Monitoring¶
Overview¶
The controller exposes Prometheus metrics on port 9090 at the /metrics endpoint. This page covers how to enable and configure metrics collection via the Helm chart.
For the complete metrics reference, alerting rules, and dashboard examples, see the Monitoring Guide in the controller documentation.
Metrics Overview¶
The controller exposes 11 Prometheus metrics covering:
- Reconciliation: Cycles, errors, and duration
- Deployment: Operations, errors, and duration
- Validation: Total validations and errors
- Resources: Tracked resource counts by type
- Events: Event bus activity and subscribers
Quick Access¶
Access metrics directly via port-forward:
kubectl port-forward -n haptic deployment/haptic-controller 9090:9090
curl http://localhost:9090/metrics
Prometheus ServiceMonitor¶
Enable Prometheus Operator integration:
monitoring:
serviceMonitor:
enabled: true
interval: 30s
scrapeTimeout: 10s
labels:
prometheus: kube-prometheus # Match your Prometheus selector
With NetworkPolicy¶
If using NetworkPolicy, allow Prometheus to scrape metrics. See Networking for details.
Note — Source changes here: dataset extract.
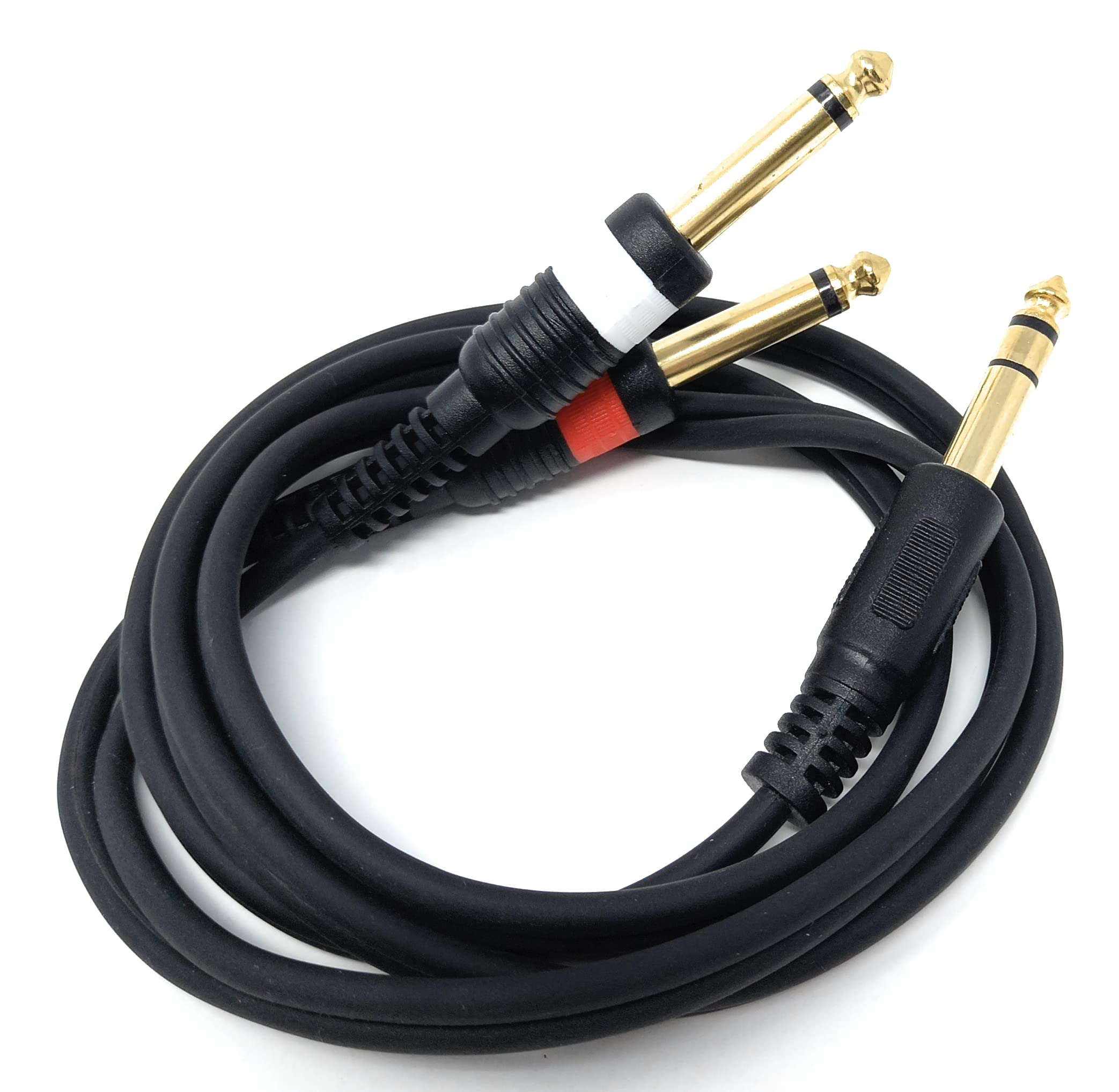 DRUT 6.35mm Stereo Jack to Twin 6.35mm Mono Jacks Male to Male TRS Cable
Advanced ServiceMonitor Configuration¶
Add custom labels and relabeling:
monitoring:
serviceMonitor:
enabled: true
interval: 15s
labels:
prometheus: kube-prometheus
team: platform
# Add cluster label to all metrics
relabelings:
- sourceLabels: [__address__]
targetLabel: cluster
replacement: production
# Drop specific metrics
metricRelabelings:
- sourceLabels: [__name__]
regex: 'haptic_event_subscribers'
action: drop
Example Prometheus Queries¶
# Reconciliation rate (per second)
rate(haptic_reconciliation_total[5m])
# Error rate
rate(haptic_reconciliation_errors_total[5m])
# 95th percentile reconciliation duration
histogram_quantile(0.95, rate(haptic_reconciliation_duration_seconds_bucket[5m]))
# Current HAProxy pod count
haptic_resource_count{type="haproxy-pods"}
Grafana Dashboard¶
Create dashboards using these key metrics:
- Operations Overview: reconciliation_total, deployment_total, validation_total
- Error Tracking: *_errors_total counters
- Performance: *_duration_seconds histograms
- Resource Utilization: resource_count gauge
For complete metric definitions and more queries, see pkg/controller/metrics/README.md in the repository.